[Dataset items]
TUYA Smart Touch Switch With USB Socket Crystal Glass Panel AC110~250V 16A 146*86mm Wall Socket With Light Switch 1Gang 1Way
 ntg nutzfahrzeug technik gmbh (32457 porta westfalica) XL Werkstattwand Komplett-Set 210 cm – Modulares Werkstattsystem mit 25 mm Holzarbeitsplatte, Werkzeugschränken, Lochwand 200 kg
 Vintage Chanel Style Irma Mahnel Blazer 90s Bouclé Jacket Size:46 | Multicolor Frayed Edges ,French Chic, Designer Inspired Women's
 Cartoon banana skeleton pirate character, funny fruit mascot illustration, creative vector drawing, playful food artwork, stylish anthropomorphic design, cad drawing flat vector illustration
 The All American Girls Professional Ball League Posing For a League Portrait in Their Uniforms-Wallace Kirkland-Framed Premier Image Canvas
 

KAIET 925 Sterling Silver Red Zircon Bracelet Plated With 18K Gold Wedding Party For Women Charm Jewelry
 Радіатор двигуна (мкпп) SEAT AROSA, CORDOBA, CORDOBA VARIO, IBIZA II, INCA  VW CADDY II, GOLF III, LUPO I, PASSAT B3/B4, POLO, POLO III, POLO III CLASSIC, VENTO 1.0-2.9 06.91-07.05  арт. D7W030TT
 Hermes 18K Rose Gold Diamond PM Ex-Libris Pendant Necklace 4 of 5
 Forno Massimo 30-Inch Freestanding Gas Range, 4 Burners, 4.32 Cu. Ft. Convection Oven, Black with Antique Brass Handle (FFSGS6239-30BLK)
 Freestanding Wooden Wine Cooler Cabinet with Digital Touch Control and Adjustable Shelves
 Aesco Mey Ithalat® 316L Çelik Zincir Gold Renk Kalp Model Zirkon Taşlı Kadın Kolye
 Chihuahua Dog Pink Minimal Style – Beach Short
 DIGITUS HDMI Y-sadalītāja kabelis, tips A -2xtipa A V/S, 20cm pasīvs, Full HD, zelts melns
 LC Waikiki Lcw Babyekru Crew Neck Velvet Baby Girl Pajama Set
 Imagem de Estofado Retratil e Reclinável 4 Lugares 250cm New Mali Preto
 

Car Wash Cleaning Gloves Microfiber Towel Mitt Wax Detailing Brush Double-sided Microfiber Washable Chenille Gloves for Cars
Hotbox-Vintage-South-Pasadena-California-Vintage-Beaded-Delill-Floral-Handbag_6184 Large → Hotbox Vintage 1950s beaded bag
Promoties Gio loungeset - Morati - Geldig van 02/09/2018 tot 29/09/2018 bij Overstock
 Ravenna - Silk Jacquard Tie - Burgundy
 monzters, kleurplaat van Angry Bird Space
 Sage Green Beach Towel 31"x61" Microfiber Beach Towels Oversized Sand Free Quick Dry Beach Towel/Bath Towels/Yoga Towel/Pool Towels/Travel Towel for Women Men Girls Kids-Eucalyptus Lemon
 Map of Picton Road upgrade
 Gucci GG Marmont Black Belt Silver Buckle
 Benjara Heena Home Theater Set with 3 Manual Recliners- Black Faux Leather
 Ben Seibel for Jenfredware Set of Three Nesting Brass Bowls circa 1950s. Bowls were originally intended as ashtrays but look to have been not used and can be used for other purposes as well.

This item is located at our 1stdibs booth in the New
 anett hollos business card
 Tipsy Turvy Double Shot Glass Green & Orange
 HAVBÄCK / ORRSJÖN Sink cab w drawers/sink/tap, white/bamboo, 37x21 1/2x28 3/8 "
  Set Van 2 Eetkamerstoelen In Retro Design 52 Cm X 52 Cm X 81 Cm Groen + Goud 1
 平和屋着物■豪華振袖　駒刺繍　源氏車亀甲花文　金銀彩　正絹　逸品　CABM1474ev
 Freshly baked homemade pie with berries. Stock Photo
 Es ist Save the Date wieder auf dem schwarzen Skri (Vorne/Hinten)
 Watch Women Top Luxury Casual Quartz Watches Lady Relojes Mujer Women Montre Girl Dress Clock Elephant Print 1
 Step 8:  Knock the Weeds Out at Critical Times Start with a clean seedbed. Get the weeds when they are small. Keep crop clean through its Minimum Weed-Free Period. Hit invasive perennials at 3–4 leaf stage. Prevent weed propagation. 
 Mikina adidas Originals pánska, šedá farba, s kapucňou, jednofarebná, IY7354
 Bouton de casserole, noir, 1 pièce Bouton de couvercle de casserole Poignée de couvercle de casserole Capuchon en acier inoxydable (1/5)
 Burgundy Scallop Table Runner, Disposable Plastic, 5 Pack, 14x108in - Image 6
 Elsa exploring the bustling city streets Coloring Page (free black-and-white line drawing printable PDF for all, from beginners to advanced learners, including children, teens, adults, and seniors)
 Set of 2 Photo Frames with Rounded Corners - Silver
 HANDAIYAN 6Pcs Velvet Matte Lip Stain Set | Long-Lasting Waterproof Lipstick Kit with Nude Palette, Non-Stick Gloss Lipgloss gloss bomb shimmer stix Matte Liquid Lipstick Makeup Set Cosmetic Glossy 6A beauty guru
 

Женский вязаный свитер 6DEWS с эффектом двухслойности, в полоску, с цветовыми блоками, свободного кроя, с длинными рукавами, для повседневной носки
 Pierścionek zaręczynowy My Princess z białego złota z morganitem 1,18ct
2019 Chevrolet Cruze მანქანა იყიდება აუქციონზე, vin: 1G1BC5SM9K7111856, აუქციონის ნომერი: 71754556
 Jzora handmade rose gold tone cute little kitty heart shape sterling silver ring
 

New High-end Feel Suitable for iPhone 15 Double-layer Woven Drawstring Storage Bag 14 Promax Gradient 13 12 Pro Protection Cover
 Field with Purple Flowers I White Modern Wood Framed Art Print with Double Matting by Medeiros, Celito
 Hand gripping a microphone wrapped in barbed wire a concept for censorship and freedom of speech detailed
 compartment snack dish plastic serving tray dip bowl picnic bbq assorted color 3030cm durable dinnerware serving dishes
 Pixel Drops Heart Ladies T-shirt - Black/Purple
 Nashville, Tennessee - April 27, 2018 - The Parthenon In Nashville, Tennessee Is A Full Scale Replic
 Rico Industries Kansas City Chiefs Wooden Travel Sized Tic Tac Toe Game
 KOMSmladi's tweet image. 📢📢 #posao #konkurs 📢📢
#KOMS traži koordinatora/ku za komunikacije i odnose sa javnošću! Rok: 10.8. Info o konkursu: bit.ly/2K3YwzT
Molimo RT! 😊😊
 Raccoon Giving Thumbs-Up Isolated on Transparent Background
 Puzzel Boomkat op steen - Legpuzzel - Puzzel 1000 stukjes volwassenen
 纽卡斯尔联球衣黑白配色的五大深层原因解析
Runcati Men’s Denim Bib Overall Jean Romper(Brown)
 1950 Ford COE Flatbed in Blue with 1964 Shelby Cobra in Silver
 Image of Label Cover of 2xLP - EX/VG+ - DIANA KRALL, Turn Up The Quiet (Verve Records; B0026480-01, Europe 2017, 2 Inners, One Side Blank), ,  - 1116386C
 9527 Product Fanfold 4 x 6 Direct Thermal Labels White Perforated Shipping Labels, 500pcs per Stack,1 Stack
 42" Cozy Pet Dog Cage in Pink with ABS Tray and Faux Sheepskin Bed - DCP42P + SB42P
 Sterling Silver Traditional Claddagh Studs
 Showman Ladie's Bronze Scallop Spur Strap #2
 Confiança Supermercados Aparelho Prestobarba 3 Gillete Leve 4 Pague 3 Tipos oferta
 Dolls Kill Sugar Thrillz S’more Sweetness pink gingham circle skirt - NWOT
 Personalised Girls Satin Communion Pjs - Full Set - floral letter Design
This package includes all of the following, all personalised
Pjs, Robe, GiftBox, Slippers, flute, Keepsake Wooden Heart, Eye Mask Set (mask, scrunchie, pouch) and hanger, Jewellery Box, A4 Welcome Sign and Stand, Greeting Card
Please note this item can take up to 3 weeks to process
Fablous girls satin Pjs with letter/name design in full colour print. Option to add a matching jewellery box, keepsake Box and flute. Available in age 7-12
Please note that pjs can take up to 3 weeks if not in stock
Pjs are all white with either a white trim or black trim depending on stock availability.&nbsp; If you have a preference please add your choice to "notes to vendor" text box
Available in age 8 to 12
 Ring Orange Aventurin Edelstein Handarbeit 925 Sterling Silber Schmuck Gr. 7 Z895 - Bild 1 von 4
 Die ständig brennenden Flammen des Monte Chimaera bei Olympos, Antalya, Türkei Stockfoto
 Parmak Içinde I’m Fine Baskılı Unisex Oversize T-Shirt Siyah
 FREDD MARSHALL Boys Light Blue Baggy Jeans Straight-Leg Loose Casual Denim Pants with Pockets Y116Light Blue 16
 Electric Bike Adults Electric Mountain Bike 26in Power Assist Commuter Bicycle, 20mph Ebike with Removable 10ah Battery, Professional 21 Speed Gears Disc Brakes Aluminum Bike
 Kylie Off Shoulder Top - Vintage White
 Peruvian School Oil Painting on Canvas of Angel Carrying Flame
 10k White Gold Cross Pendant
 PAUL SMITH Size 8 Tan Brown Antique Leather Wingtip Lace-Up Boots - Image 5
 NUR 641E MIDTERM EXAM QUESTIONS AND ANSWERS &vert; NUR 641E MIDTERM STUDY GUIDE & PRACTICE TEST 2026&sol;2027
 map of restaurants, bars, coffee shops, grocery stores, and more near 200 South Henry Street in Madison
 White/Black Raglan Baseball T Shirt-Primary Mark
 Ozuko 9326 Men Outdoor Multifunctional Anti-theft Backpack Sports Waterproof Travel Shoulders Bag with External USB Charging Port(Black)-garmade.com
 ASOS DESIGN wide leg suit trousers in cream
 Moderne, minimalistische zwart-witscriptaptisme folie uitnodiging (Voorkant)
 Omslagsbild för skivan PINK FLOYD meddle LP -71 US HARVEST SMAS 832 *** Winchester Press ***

• About this exercise
Can you repeat, word for word, every line above from the one containing "New High-end Feel" down to the one containing "Field with Purple", including both?

• Task answer
New High-end Feel Suitable for iPhone 15 Double-layer Woven Drawstring Storage Bag 14 Promax Gradient 13 12 Pro Protection Cover
 Field with Purple Flowers I White Modern Wood Framed Art Print with Double Matting by Medeiros, Celito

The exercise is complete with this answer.